━━━ Supplied material ━━━

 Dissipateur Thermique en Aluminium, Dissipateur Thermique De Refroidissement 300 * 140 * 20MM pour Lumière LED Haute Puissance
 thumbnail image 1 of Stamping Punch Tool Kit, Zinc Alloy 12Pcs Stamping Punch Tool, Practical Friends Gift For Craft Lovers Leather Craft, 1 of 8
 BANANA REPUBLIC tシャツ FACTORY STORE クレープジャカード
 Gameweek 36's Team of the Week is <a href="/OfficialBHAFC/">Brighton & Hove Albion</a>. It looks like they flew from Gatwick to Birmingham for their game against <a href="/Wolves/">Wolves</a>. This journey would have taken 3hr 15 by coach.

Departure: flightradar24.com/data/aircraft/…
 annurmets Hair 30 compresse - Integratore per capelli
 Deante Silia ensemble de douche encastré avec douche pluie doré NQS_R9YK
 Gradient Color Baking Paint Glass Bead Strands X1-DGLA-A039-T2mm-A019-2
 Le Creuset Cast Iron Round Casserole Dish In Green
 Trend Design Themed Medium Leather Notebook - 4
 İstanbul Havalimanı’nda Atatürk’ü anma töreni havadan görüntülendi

━━━
━━━ Supplied material ━━━

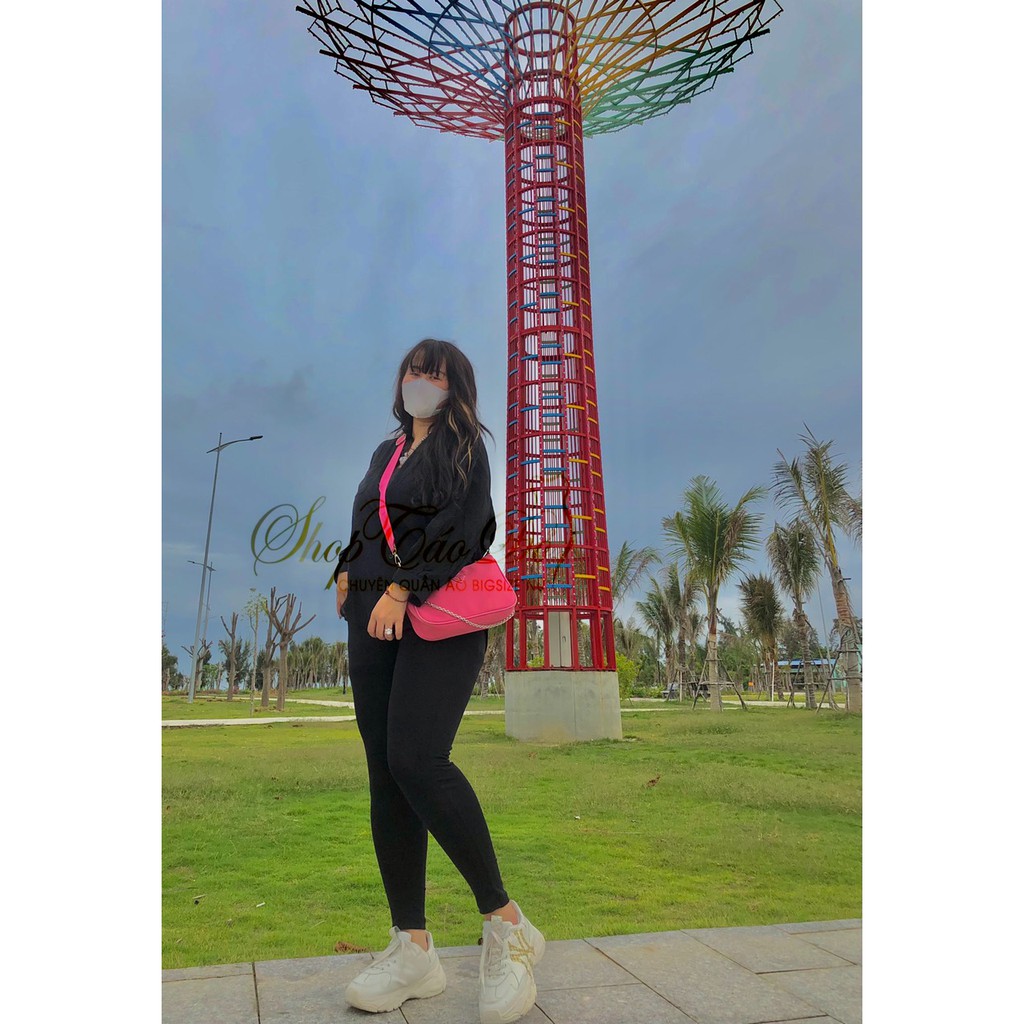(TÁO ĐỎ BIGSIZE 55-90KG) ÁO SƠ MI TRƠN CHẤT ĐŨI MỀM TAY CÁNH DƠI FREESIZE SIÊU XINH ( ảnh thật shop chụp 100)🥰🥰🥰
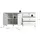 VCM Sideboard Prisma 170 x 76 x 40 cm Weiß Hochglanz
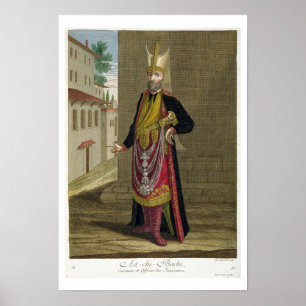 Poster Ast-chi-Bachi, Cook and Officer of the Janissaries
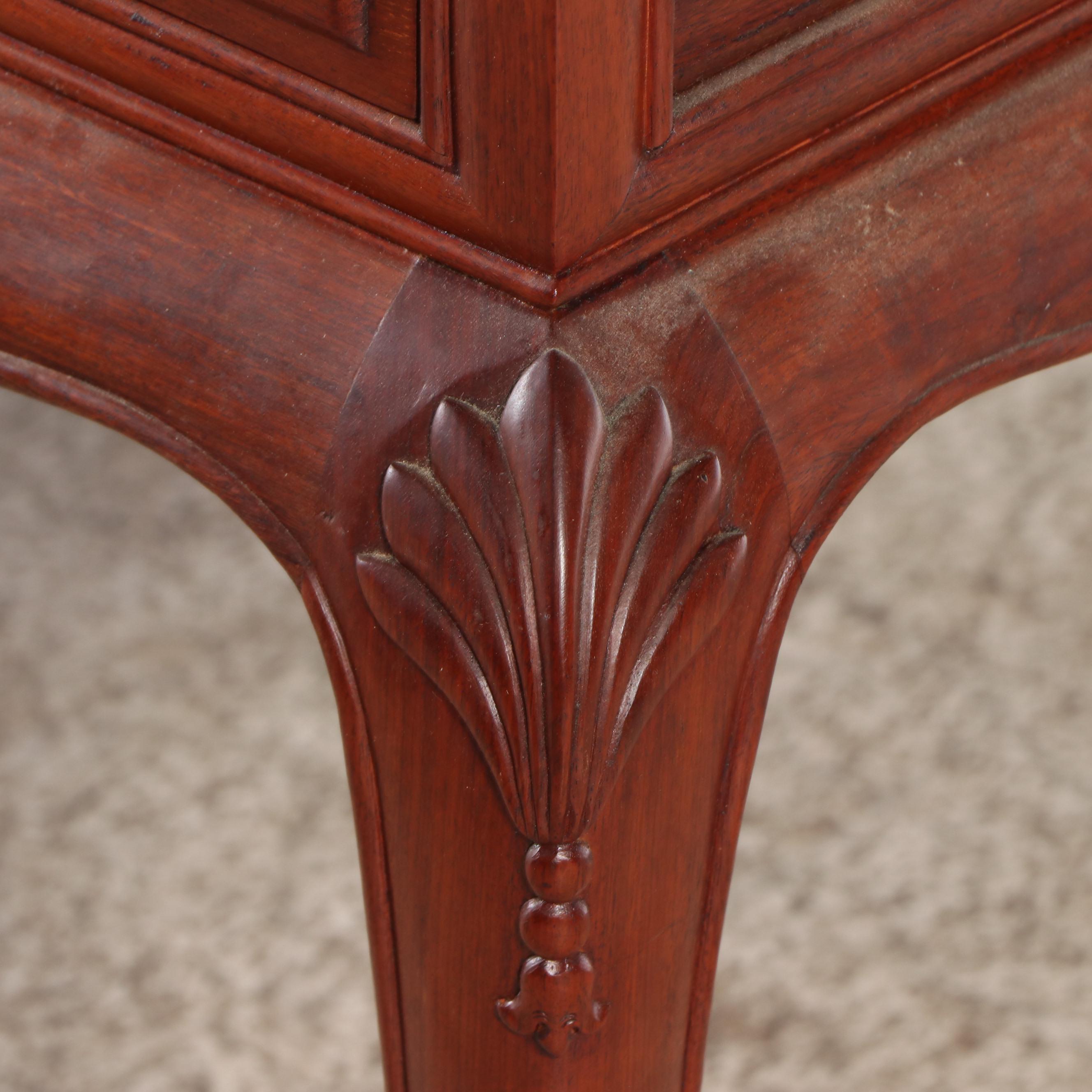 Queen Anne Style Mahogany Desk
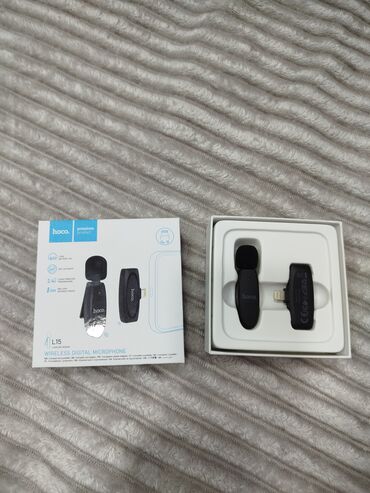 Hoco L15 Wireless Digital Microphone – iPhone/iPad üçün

━━━

> [Directions for this task]:
Out of the data above, set down the lines from the one with "Le Creuset Cast" to the one with "İstanbul Havalimanı’nda Atatürk’ü", both included, exactly as written and with no additions.

> [Exercise result]:
 Le Creuset Cast Iron Round Casserole Dish In Green
 Trend Design Themed Medium Leather Notebook - 4
 İstanbul Havalimanı’nda Atatürk’ü anma töreni havadan görüntülendi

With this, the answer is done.